Start of Given data

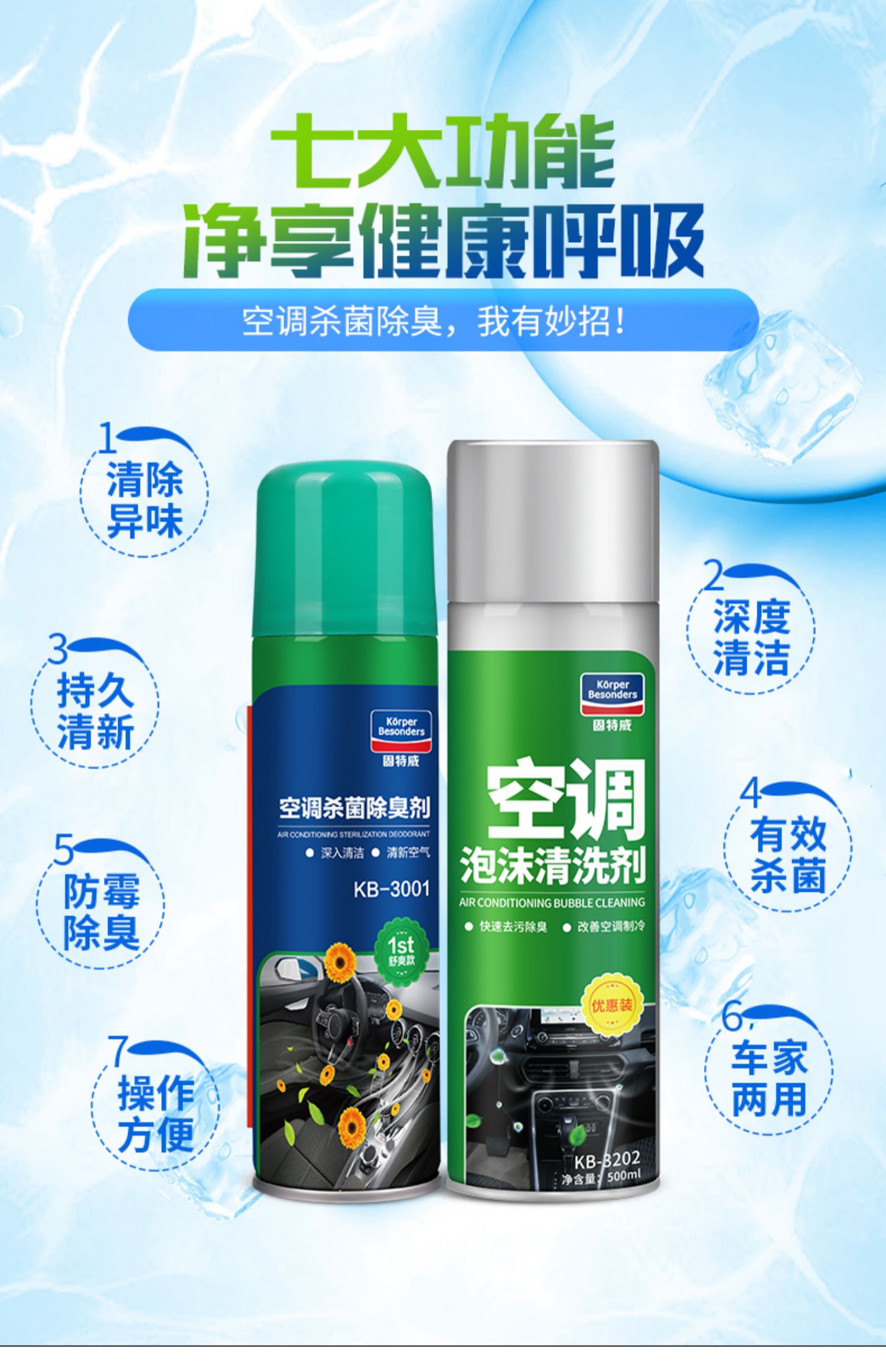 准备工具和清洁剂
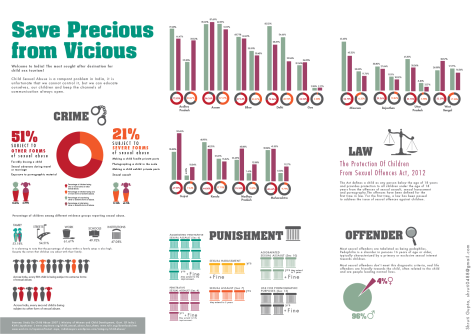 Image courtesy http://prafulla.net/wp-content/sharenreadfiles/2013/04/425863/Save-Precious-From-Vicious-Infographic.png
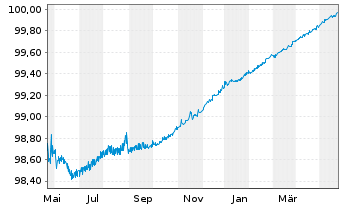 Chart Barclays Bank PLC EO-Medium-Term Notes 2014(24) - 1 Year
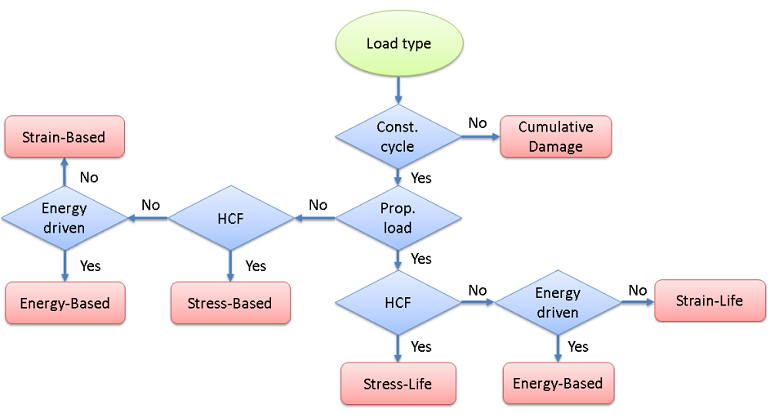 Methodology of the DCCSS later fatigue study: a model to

End of Given data
Start of Given data

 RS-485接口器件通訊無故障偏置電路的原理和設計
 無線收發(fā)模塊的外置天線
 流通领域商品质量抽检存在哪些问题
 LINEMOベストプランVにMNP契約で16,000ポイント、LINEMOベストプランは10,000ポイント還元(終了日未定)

End of Given data

* _Work item_:
Set down again, word for word, every line from the one with "Chart Barclays Bank" to the one with "Methodology of the" in the entries above, and omit the pictures.

* _Reply_:
 Chart Barclays Bank PLC EO-Medium-Term Notes 2014(24) - 1 Year
 Methodology of the DCCSS later fatigue study: a model to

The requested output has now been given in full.